■ EXERCISE: Would you tally how many lines in the records include the word "toilet"? Reply with the number only.

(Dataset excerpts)
_ _ _

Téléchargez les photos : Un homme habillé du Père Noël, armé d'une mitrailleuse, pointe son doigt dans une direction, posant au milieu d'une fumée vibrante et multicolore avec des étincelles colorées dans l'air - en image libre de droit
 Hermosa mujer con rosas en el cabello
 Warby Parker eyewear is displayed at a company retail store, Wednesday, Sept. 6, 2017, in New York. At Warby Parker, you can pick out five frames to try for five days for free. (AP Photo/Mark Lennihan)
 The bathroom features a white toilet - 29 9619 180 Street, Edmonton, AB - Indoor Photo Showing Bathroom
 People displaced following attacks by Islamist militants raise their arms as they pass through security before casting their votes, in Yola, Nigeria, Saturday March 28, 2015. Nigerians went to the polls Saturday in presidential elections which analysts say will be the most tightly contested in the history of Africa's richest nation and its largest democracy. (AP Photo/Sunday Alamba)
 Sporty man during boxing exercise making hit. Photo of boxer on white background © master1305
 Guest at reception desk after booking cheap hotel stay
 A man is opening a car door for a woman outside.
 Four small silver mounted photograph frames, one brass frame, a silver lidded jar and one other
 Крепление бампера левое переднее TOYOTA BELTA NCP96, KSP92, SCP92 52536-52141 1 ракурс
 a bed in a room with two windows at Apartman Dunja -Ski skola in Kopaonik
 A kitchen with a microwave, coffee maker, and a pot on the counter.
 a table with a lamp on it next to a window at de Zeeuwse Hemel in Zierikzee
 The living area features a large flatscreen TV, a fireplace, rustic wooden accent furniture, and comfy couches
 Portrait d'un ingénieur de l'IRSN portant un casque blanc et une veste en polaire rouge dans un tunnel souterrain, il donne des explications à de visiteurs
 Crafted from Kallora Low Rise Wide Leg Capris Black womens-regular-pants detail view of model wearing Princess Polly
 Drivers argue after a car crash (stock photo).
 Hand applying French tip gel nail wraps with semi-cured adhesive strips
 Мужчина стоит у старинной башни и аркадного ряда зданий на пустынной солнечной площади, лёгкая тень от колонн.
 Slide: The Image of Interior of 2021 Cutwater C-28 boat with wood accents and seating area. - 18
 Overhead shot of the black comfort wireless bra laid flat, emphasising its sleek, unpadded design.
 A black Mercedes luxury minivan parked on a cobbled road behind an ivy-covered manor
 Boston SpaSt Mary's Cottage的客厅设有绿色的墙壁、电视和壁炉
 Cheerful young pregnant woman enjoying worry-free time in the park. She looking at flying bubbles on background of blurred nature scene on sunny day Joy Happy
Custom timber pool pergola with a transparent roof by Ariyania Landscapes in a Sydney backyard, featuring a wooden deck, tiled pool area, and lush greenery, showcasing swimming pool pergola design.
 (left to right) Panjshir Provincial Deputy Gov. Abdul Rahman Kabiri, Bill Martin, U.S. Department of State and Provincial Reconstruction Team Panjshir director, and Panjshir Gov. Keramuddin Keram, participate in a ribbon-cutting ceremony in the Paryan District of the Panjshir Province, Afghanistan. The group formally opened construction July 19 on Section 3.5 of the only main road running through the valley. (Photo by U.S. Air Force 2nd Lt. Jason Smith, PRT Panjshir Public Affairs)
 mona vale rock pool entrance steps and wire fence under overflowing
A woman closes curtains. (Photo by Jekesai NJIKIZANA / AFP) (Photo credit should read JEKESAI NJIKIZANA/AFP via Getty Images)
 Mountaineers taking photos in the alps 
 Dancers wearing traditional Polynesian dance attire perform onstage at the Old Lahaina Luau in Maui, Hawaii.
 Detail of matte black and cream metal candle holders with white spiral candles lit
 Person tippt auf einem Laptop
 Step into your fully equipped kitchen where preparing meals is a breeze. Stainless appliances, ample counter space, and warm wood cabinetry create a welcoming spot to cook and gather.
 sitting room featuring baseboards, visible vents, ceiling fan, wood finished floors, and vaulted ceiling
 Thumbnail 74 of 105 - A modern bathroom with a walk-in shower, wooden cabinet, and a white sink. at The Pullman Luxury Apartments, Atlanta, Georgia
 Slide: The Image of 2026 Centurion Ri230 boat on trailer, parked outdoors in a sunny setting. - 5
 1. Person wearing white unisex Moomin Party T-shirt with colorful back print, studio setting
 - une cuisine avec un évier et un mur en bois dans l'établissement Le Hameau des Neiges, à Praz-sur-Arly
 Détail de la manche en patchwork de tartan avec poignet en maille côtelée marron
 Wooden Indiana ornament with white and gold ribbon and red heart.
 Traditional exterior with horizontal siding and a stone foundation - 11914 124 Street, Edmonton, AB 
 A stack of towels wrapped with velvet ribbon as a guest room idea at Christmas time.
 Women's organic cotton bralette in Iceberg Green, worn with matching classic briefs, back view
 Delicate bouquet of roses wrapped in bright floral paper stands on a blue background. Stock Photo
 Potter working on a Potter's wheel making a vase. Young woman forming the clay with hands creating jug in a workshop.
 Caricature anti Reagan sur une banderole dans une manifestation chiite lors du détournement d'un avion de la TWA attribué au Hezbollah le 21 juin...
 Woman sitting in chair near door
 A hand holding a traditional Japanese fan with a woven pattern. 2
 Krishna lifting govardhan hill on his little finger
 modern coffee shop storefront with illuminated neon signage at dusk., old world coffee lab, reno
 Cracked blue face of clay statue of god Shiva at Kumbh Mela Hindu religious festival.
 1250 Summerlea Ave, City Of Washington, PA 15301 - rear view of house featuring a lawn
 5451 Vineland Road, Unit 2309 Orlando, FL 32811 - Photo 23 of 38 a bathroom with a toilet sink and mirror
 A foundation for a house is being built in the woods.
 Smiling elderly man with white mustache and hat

_ _ _

■ ANSWER TO THE PROBLEM: 2